The Bank of Russia has published a detailed Q&A on its Telegram channel addressing recurring public concerns about the digital ruble. The post, released as part of its ongoing #ОтветыЦБ series, responds to citizen questions about user access, banking intermediaries and the practical benefits of converting traditional non-cash rubles into the new digital form.
According to the central bank, users will not access the digital ruble directly through a Bank of Russia platform. Instead, commercial banks will act as intermediaries. Officials said this preserves the familiar user experience, since individuals will access the digital ruble within the same banking applications they already use.
The institution explained that creating a separate mobile application for citizens is not under consideration at this stage. It argued that integrating the digital ruble into existing banking channels reduces infrastructure costs for all market participants and helps users adopt the technology more quickly.

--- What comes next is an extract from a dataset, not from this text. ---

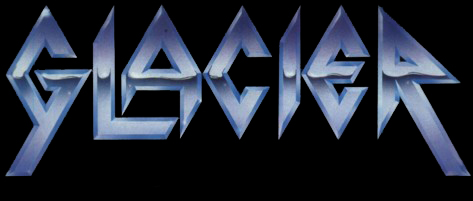 Glacier logo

How the digital ruble will function for everyday users
The Bank of Russia addressed questions about commissions when converting digital rubles into cash. Once a user sends digital rubles to their bank account, the funds become ordinary non-cash money, meaning standard withdrawal conditions and potential commissions depend on the bank’s customer agreement.
On whether ordinary citizens should convert their money into digital rubles, the central bank emphasized that the digital currency is not an investment product. It will not generate passive income and cannot be purchased on the market. Instead, it is a new form of the national currency intended primarily for payments and transfers.
The Bank of Russia repeated that using the digital ruble will be voluntary. Citizens can choose to use it in the same way they decide when to pay with cash or conventional electronic money. No specialised financial knowledge will be required.
Broader implications for digital currency adoption
The explanations come amid growing global interest in retail central bank digital currencies. Russia’s approach mirrors trends in Europe, where the European Central Bank is designing the digital euro as an integrated feature within bank and payment-service provider apps rather than a direct central-bank interface.
The central bank’s decision to maintain the commercial-bank layer suggests it aims to avoid destabilising the banking sector while still modernising the national payment infrastructure. For Russian consumers, the rollout strategy signals an incremental approach focused on familiarity, cost efficiency and practical use cases.
As testing expands in 2025 and pilot regions grow, public understanding of the digital ruble’s purpose and limitations will remain essential to adoption.